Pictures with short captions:
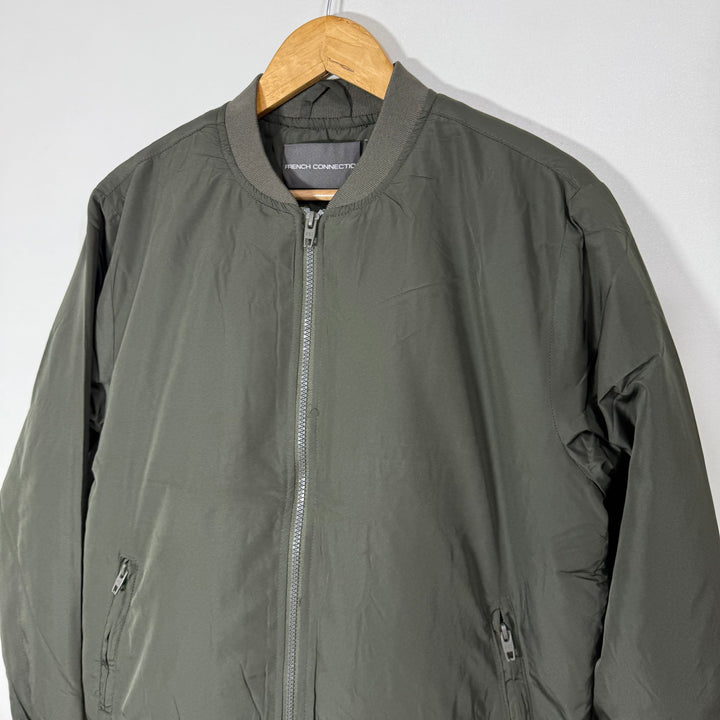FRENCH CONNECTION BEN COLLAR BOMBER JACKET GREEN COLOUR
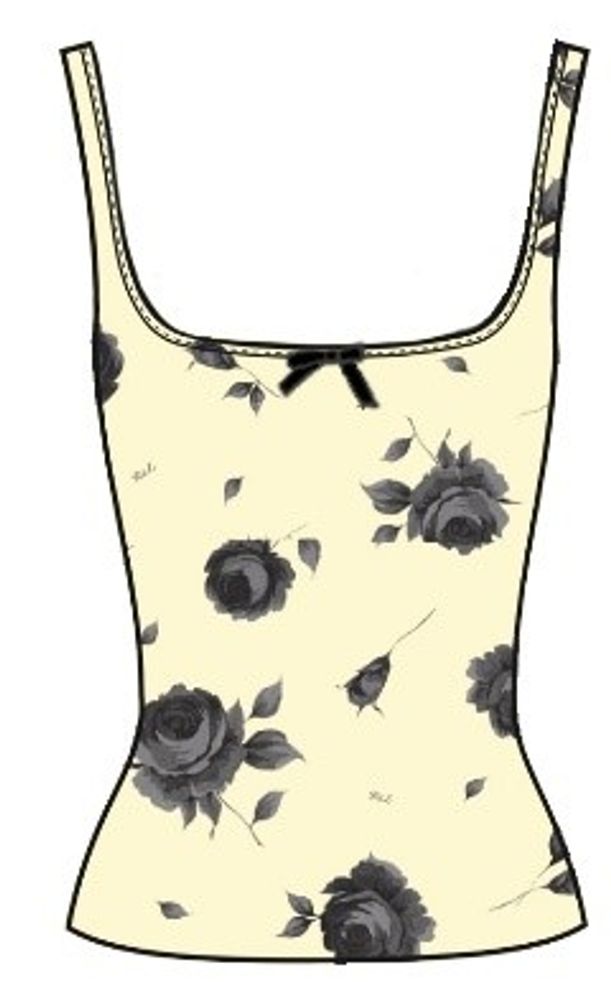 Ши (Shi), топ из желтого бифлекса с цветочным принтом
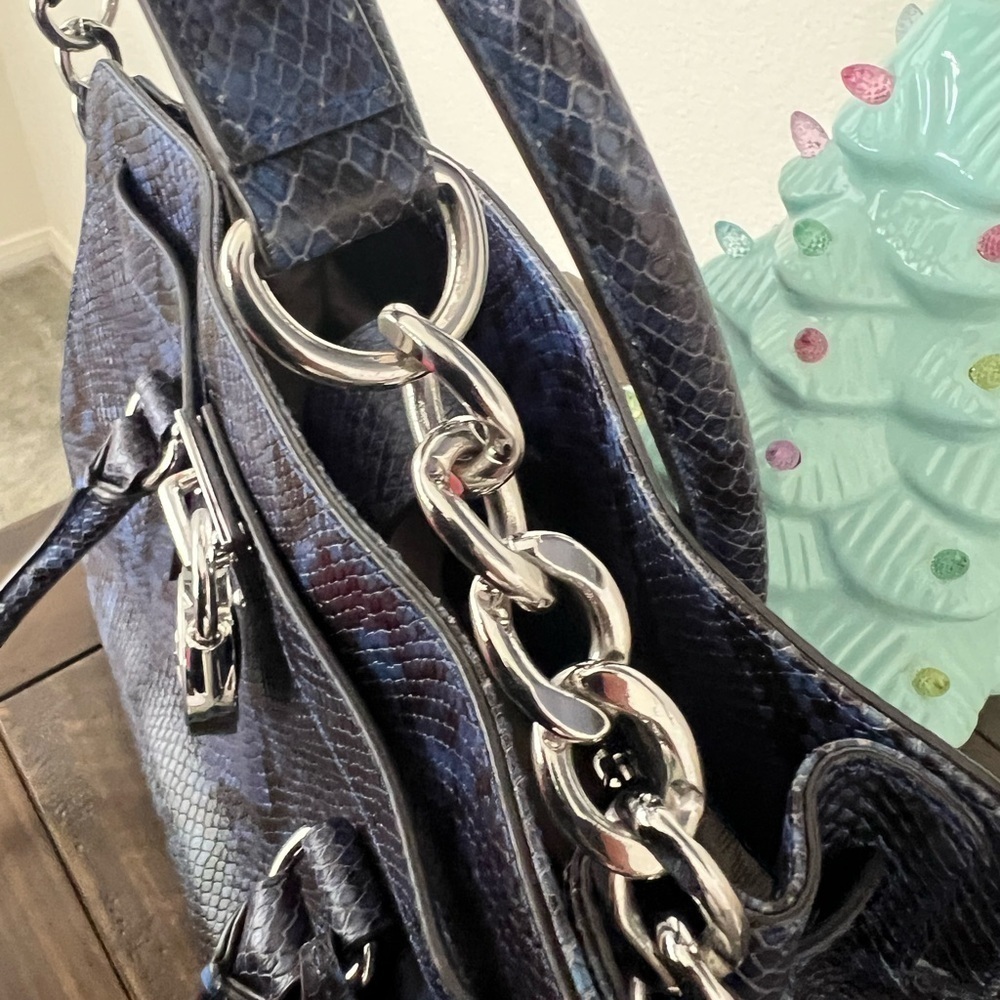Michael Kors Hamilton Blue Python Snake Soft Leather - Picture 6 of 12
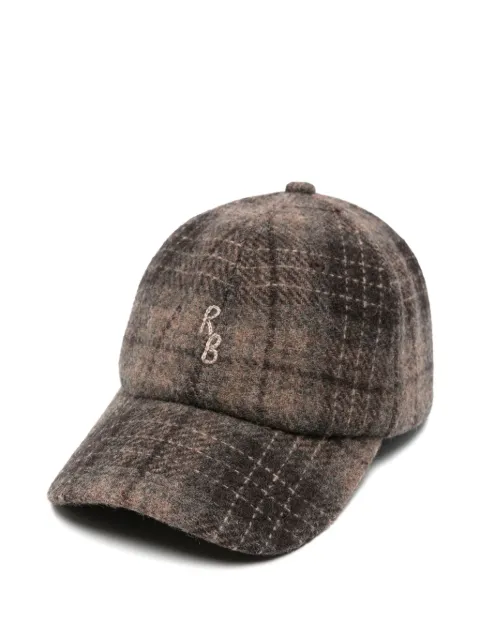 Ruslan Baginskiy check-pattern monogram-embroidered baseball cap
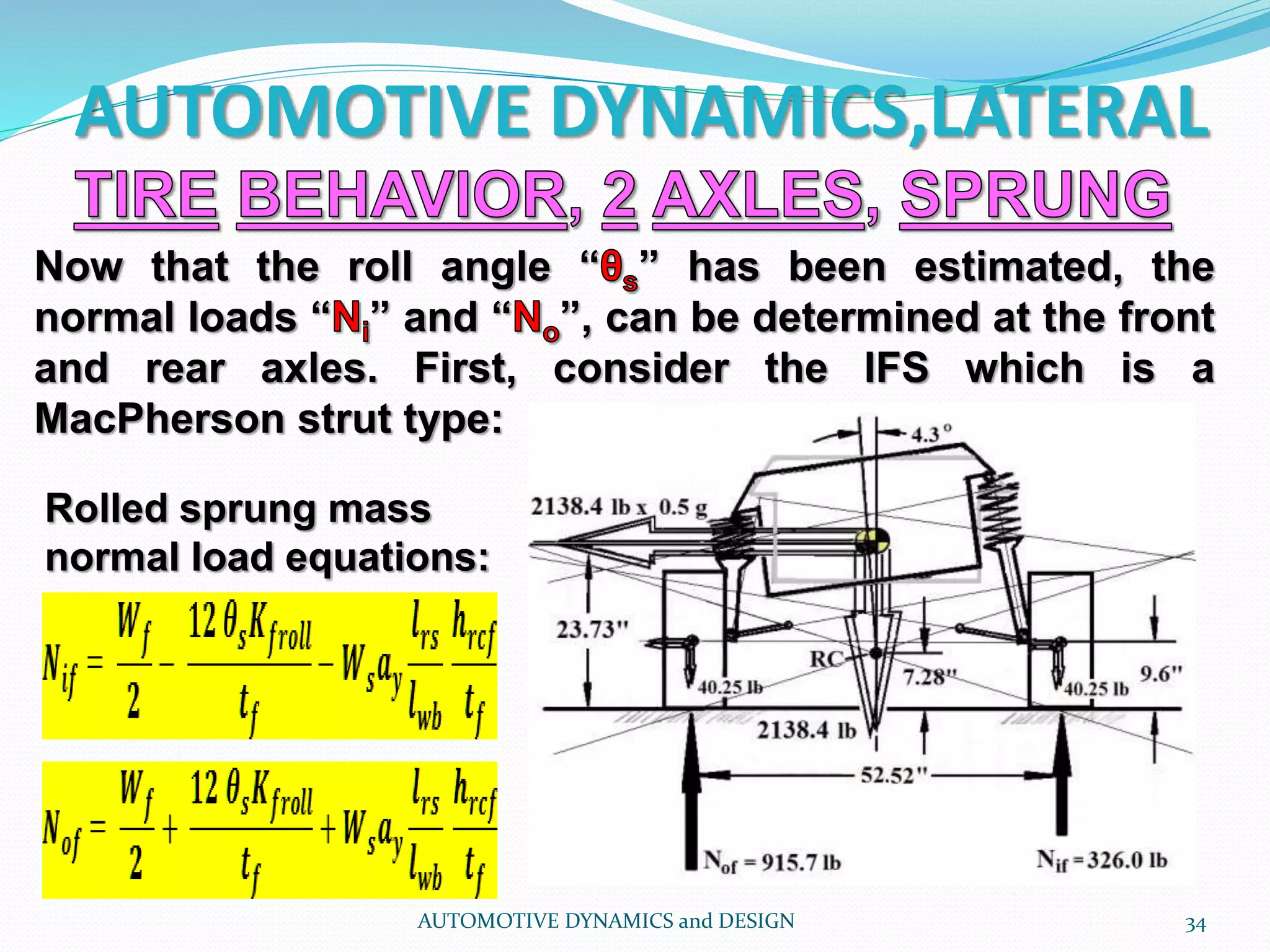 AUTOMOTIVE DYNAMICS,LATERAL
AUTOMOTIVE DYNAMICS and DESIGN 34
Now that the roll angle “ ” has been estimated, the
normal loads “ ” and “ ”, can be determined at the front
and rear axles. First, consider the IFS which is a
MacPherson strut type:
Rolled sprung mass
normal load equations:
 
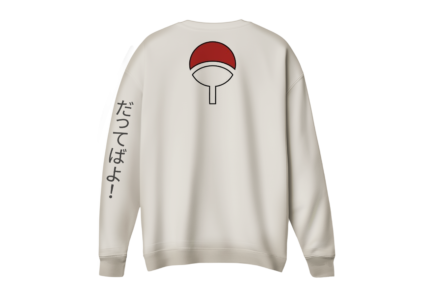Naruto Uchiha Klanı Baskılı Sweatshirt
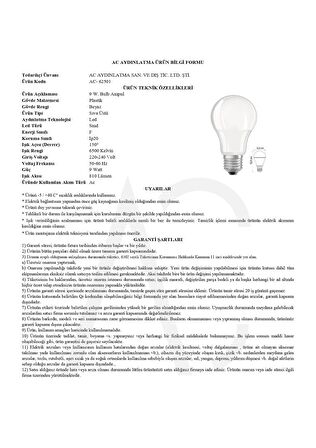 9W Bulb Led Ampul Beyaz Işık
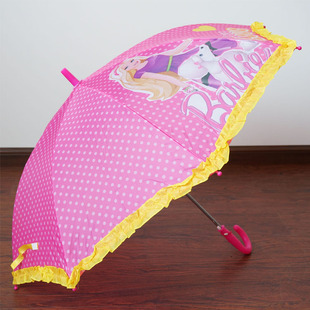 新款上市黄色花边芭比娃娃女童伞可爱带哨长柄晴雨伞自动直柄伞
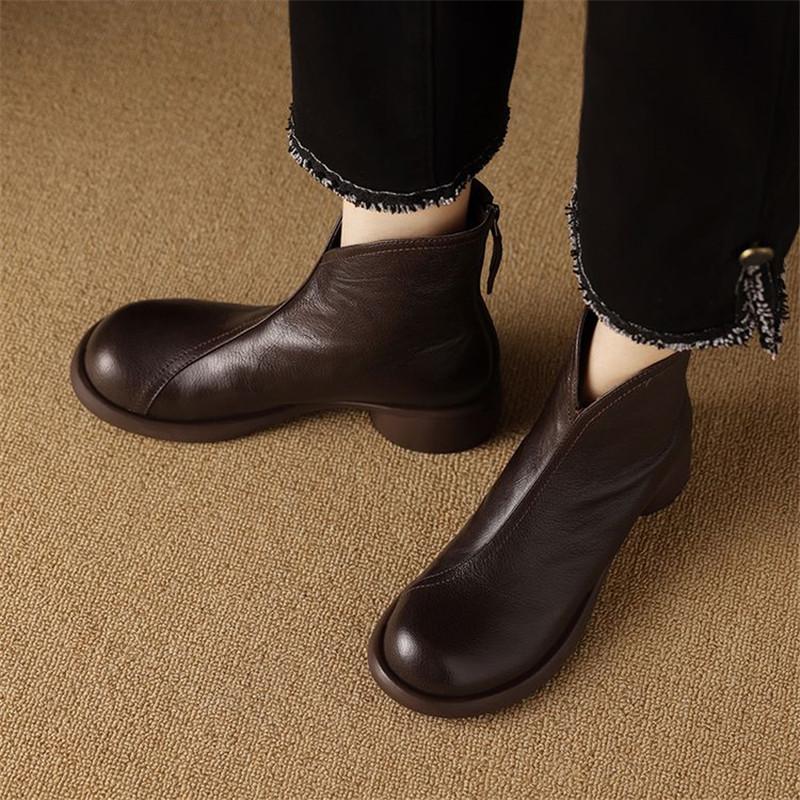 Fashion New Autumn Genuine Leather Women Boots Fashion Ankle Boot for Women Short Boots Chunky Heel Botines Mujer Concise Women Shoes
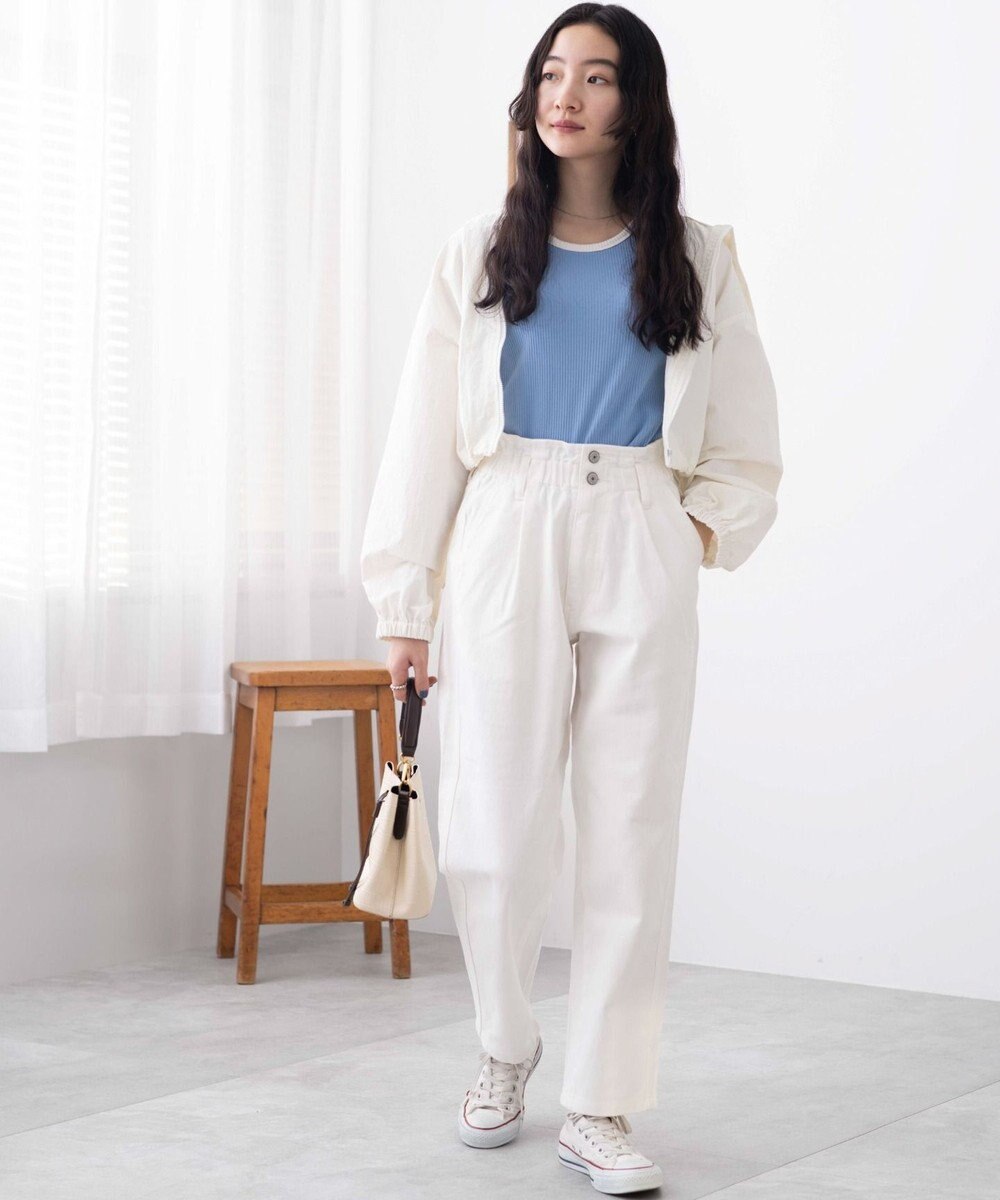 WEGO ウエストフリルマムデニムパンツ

# TRY IT
Nothing but the lines from the one holding "AUTOMOTIVE DYNAMICS and DESIGN 34" through the last line of the entries should be written out, exactly and inclusively, minus the pictures.

# EXERCISE ANSWER
AUTOMOTIVE DYNAMICS and DESIGN 34
Now that the roll angle “ ” has been estimated, the
normal loads “ ” and “ ”, can be determined at the front
and rear axles. First, consider the IFS which is a
MacPherson strut type:
Rolled sprung mass
normal load equations:
 
Naruto Uchiha Klanı Baskılı Sweatshirt
 9W Bulb Led Ampul Beyaz Işık
 新款上市黄色花边芭比娃娃女童伞可爱带哨长柄晴雨伞自动直柄伞
 Fashion New Autumn Genuine Leather Women Boots Fashion Ankle Boot for Women Short Boots Chunky Heel Botines Mujer Concise Women Shoes
 WEGO ウエストフリルマムデニムパンツ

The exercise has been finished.